Lors de la libération de Germain Katanga, il y a quelques jours, quelques membres de cette milice ont également été libérés. Doit-on affirmer que le gouvernement a encore cédé à une des conditions posées par ce groupe armé ? Difficile à dire. On a constaté que le gouverneur militaire n’a pas été limogé par Kinshasa. Ce qui peut être affirmé, la cellule de crise mise en place pour négocier la libération définitive des otages a réussi sa mission. Reste à savoir si la Task Force va continuer sa mission de sensibilisation ou va-t-elle faire rapport à Kinshasa ?
Pour rappel, Kinshasa a eu l’idée d’utiliser Thomas Lubanga et Floribert Ndjabu, fils du terroir, pour ramener la paix en Ituri. Ils ont été nommés respectivement coordonnateur et coordonnateur adjoint de la Task Force chargée de sensibiliser les groupes armés à déposer les armes pour le retour de la paix dans la province de l’Ituri. C’est dans l’exercice de leur mission que huit membres de la Task Force ont été pris en otage par la milice de la CODECO suite à une attaque des FARDC perpétrée non loin du lieu de la rencontre entre les représentants de cette milice et les membres de la Task Force, à en croire la CODECO. Depuis, Thomas Lubanga et sa suite ont été aux mains de cette milice.
Un membre de l’ONG ACIAR, qui a facilité les négociations, parlant sous le sceau de l’anonymat, précise qu’« à part le cahier des charges soumis au gouvernement congolais en novembre 2017, la FRPI lui a adressé une liste de ses anciens leaders détenus dans plusieurs prisons. «Sur cette liste manuscrite des prisonniers emblématiques à libérer, que la FRPI nous avait remise lors des négociations, figurait le nom de Germain Katanga », témoigne le négociateur.

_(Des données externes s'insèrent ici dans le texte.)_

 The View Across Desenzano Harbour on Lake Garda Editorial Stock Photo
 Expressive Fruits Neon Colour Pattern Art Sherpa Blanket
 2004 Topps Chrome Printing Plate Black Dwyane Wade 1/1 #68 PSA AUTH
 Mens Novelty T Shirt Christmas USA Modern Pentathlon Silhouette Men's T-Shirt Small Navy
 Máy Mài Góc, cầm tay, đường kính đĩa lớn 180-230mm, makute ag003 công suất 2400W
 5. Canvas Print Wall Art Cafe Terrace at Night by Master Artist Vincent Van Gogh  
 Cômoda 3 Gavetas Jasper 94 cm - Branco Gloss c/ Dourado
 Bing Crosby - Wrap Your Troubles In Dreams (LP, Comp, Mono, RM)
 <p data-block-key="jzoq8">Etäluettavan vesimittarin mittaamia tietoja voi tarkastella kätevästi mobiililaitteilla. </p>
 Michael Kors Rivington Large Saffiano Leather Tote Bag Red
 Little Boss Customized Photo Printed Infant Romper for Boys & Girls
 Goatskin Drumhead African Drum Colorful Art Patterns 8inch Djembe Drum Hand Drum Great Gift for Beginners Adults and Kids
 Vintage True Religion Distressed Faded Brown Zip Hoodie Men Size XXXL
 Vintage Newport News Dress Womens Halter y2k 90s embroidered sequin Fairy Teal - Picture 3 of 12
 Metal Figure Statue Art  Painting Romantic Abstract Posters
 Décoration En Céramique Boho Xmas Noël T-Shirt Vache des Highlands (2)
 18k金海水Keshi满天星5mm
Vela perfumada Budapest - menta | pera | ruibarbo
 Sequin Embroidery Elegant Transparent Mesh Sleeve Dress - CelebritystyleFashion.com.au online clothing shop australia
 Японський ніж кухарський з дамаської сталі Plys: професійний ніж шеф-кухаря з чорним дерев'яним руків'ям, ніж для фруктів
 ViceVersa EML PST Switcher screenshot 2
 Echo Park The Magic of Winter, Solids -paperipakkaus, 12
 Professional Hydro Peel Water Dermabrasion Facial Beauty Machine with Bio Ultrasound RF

«La libération de Germain Katanga était considérée comme un geste de bonne foi de la part du gouvernement congolais, dans la mise en œuvre de l’accord de paix», corrobore Xavier Maki, secrétaire exécutif de l’ONG Justice Plus basée à Bunia, chef-lieu de la province de l’Ituri.
C’est Thomas Lubanga, un fils de l’ethnie Lendu, qui devait le premier sortir de prison à l’issue de ces négociations. Mais la décision risquait de provoquer un séisme en Ituri, auprès de l’ethnie Hema, avec laquelle les Lendu se sont affrontés entre 1999 et 2003, exaspérée de voir son fils Lubanga croupir en prison.
Entre 1999 et 2003, l’Ituri a fait face à une guerre civile qui a opposé les ethnies Lendu et Hema. Christian Mbojima, avocat et enseignant en droit à l’Université de Bunia, estime pourtant que la libération de ces deux acteurs peut déclencher un processus de réconciliation entre les deux ethnies.
«Germain Katanga et Thomas Lubanga sont des personnalités qui maîtrisent les enjeux des conflits armés de l’Ituri, pour en avoir été des acteurs. À la CPI, ils ont eu l’occasion de se serrer la main. Et leur libération déclenche un processus crédible de pacification de l’Ituri », gage Mbojima, par ailleurs porte-parole des élites de l’ethnie Lendu-Bindi.
«Leur libération, c’est d’abord un résultat de l’accord entre la FRPI et le gouvernement congolais. C’est aussi un acte qui vise le rapprochement des communautés jadis en conflit, parce que ces deux personnalités sont des acteurs clés du processus de pacification de l’Ituri. La justice, c’est aussi la réconciliation. Voilà pourquoi la communauté de l’Ituri salue leur libération », renchérit Maki, de l’ONG Justice Plus.